For those who love golf, the Masters is a special tournament. It rarely disappoints the viewers and this year was no exception. I’ll confess to being partial to golfers from the United States when viewing golf events. I’ll also confess to being partial to those players that have a few years on them when they get into contention.
That is why Thursday and Friday rounds were compelling to me because the play of 52-year-old Fred Couples saw him take the Masters lead into the weekend. Couples has always been a fan favorite for most, so having him in the lead heading into Saturday was pure delight. Couples bogeyed the first two holes on Saturday on the way to 39 on the front nine to fall out of contention.

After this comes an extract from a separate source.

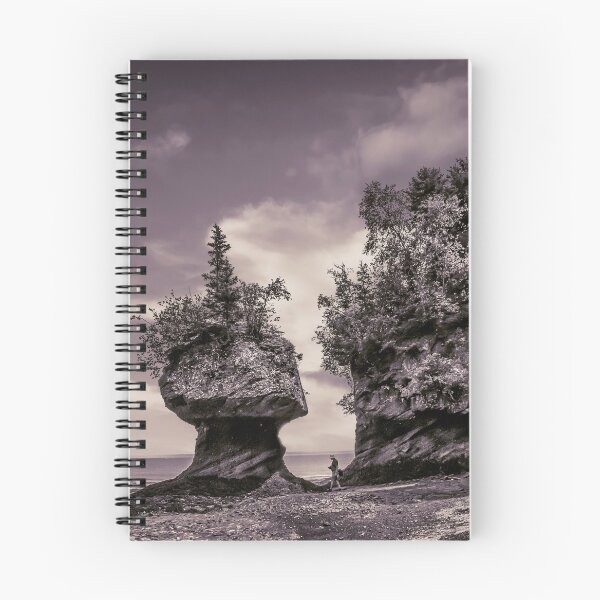 Item preview, Hopewell Rocks designed and sold by kenmo.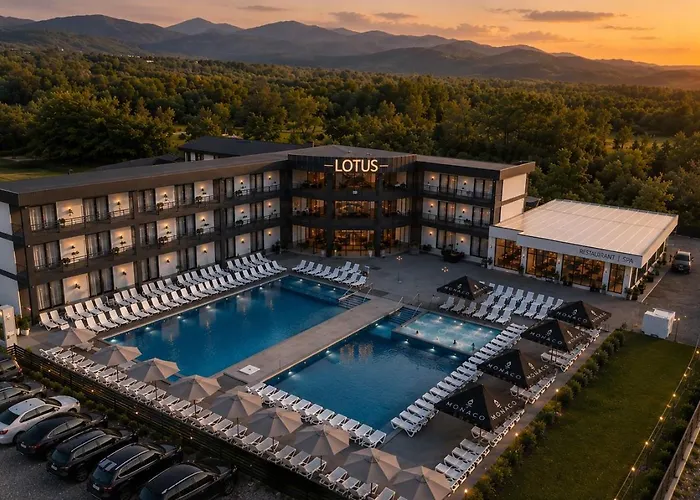 Lotus Hotel Solotvino 사진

With Couples presumably gone, another fan favorite, Phil Mickelson, blistered the back nine of Augusta National in 30 strokes to move within one shot of the lead held by Sweden’s Peter Hanson heading into Sunday’s final round. Mickelson and Hanson stayed in contention throughout the day, but early struggles by both players, including a triple bogey six on the par 3 fourth by Mickelson, allowed Oosthuizen and Watson to get to the top of the leader board.
Both players made par on the first sudden death hole, the par 4, 18th. Both players then hit wild tee shots on the par 4, 10th. Oosthuizen was able to punch his second shot toward the green. Watson did not appear to have much of a shot, at least to most people, hackers and accomplished players alike.
Watson was 155 yards out with no view of the green. The lefty needed a huge hook and a high ball flight just to land in the vicinity of the green. So, all Bubba did was hit a 155 yard wedge with a 40 yard hook and landed the ball in the middle of the green. Oosthuizen was unable to save par and all Watson had to do to win the green jacket was two-putt from 16 feet.
The rants? Well there is the network love affair with Tiger Woods that has gone on way too long. Woods did not have a round under par all weekend, behaved badly by swearing and kicking clubs, yet there was CBS following and interviewing him as if Woods was still the best player on the planet.
I mean people were tired of the networks over hyping Woods even when he was still relevant, but for now, he just isn’t deserving of all the attention, so stop it already. And no, it isn’t Woods’ fault that the networks do this.
Back to this patriotic thing I have with golf. What is going on with all the international golf commentators on our networks? This isn’t a hard rant, because I have become very fond of the job Nick Faldo does and David Feherty can make anyone laugh out loud. I am, however, becoming annoyed with the announcers that cannot even come close to pronouncing “par.”
No malice intended toward Ian Baker Finch, or against the Australian accent in general, I’ve always thought it was cool, but I suspect Finch is going out of his way to thicken that accent. If The Mentalist’s Simon Baker, an Australian, can do four seasons of the CBS drama without the accent, why can’t Finch call a par a par, and not a Paahh? At least try, Ian.